Point being, if both he and a licensed physician, that understands the risks better than fans ever could, agree that he's absolutely good to go then go he absolutely will, and the only "bye" that will be a part of that decision is the one he dismissively waves to anyone that tries to talk him out of it. Sean Payton is perhaps the only other person capable of telling him "no", and he's one of the very few that possesses enough of that same killer instinct to understand full well how futile it would be to even try.
Annnd, that'll about do it. Honestly, other than out of respect for the job Frank Reich has done on the heels of his starting quarterback calling it quits a couple weeks before kickoff, is there any reason not to award Sean Payton the 'Coach of the Year' trophy prior to the mid-point of said season? I suppose it would an endless source of incessant bitching off the board for the stupidity spewers on sports talk television, but I think they can probably stand to have one topic that's not really up for all that much debate left without cyclical, repetitive argument.
In all seriousness, the undermanned schooling that Sean Payton and the Saints gave Matt Nagy and the Bears in Chicago on Sunday was merely the most convincing lecture offered during what's been a month-plus long master class in both coaching and leadership. The backup quarterback-led bullying of what was supposed to be "the best defense in football", without Alvin Kamara and Jared Cook, was simply an exclamation point on a 5-0 stretch that not only kept a 'Super Bowl or bust' season afloat, but may have realistically made for smoother sailing.
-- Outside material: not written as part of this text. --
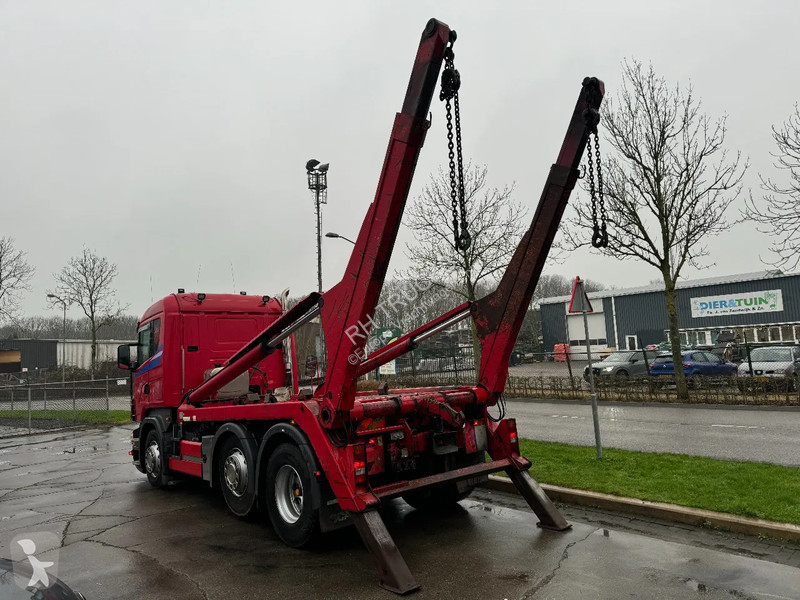 Camion Scania 6X2 MULTILIFT SLT 180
What that offensive and defensive clinic wasn't, however, was the most impressive thing that Sean Payton has orchestrated since watching the longtime lifeblood of the franchise that had just entrusted him with its uncertain future under center, by way of a contract extension, fail to grip a football. In my opinion, that title is reserved for whatever he said and/or did to motivate and challenge a team that he helped build to withstand a crisis at quarterback - in a break-glass-in-case-of-emergency sort of way - to prove him right in its construction. The last of what was initially and understandably bleak body language got left in Los Angeles along with the player whose injury could have easily derailed the dreams of a less relenting roster. Putting the kibosh on any lingering self-pity, above all else, is an accomplishment that speaks to the culture of a team that has largely been made in the likeness of Sean Payton's personality.
What we've seen on the field since is a fluid formula whose lone constant, outside of Michael Thomas' inability to be guarded and the defense's ability to step up and captain the ship through unforgiving waters that would have drowned them in the past, is that it has equated to victories. The game scripts haven't been the same, but the endings have been more dependably happy than those of rom-coms. That's a testament to a complete team that has hardly played mistake-free football, but instead played supplementary football in finding a versatile variety of ways to make up for those mistakes. It's also a credit to opponent-specific game plans, on both sides of the ball, that have made Sean Payton, Dennis Allen, & Co. look as though they were slipped the world's most elaborate cheat sheet prior to the biggest test of their respective careers.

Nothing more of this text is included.